OK, I know what you’re thinking, I’ve either gone mad or I have lost the ability to count. 81 is better than 80, then what about 81, 82, 83, 84, ….. they’re all more than 80. 80% therefore cannot be better than 100%. Or can it?

Actually, I believe it is. If you’re willing to read on and possibly discover that I’m not just a crazy woman, I’d like to explain.

We’re taught from school that we must always give 100%. Later in life, when we undertake work performance reviews our output is often compared against targets, our bonuses are based on hitting 100% of the objective. That’s great if you’re a mathematician but the reality is, we’re human. First of all, one person’s 100% is very different from another’s. For Usain Bolt to give 100% in a 100-metre race will achieve very different results from you or I.

Anyway, I digress a little. You see, working in Technology Management Strategic Consulting, I’ve learnt two great truths,

1)     Great people make mistakes

2)     Yes, to really screw things up does indeed take a computer!

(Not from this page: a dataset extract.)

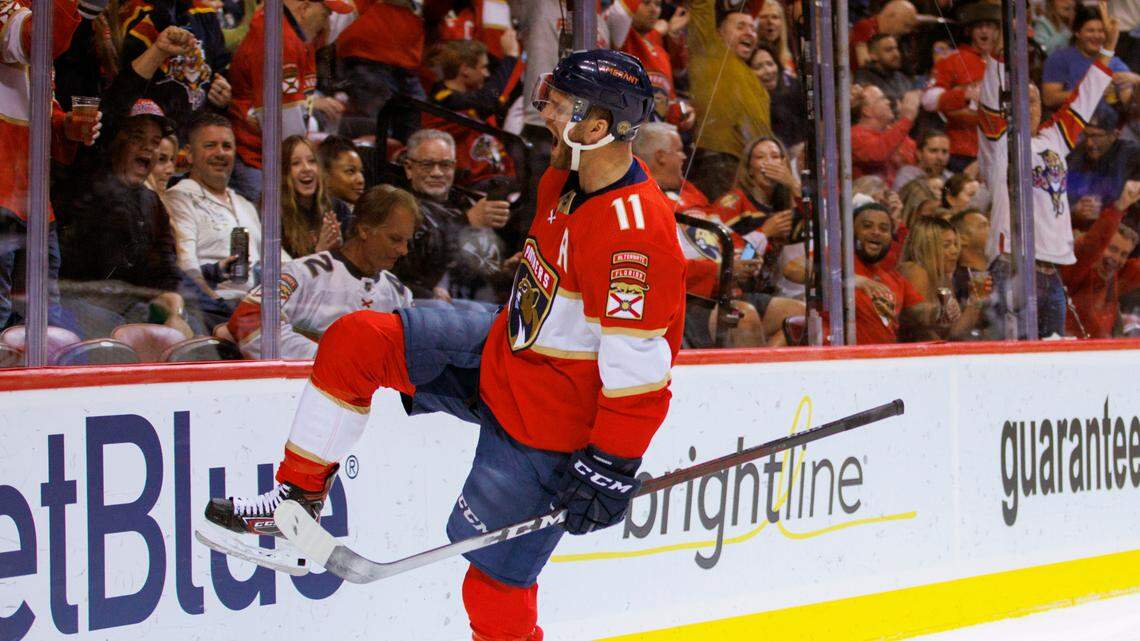 Florida Panthers left wing Jonathan Huberdeau (11) celebrates after scoring a goal during the first period of an NHL game against the Winnipeg Jets at the FLA Live Arena on Friday, April 15, 2022 in Sunrise, Fl.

So, mistakes are an inevitability in the technology industry. How often and how big underline those mistakes. We can’t engineer out mistakes no matter how much the process guru’s try and convince us otherwise. Sorry to my old clients, I was once an IT process guru and I used to insist that we could remove all errors. I was so, so wrong.

You see, I’ve noticed that the faster others are running, the more frequent the mistakes. The more likely they are to occur and the larger the impact. The need to give 100% inevitably means that something will be missed due to speed. We quote simply can’t get 100% of the things right 100% of the time. It’s not possible. No matter what others tell you. It’s back to points one and two above.

A mistake is inevitable and our reliance on computers opens the door for further error. We’re led to believe that computers don’t make mistakes. That’s right, but it’s also wrong. If I told a computer that the formula to add two digits together was (x – y) then every time it added two digits together, it would, without fail, deduct y from x. Every time.

A computer is just an expensive, stupid box that does nothing that we don’t tell it to (I see the AI geeks at the back squirming). If we’re rushing to get things done, never stopping, never pausing to check, never allowing for our own infallibility, we will give a computer the wrong instruction. A software program, after all, is just a set of very complex instructions.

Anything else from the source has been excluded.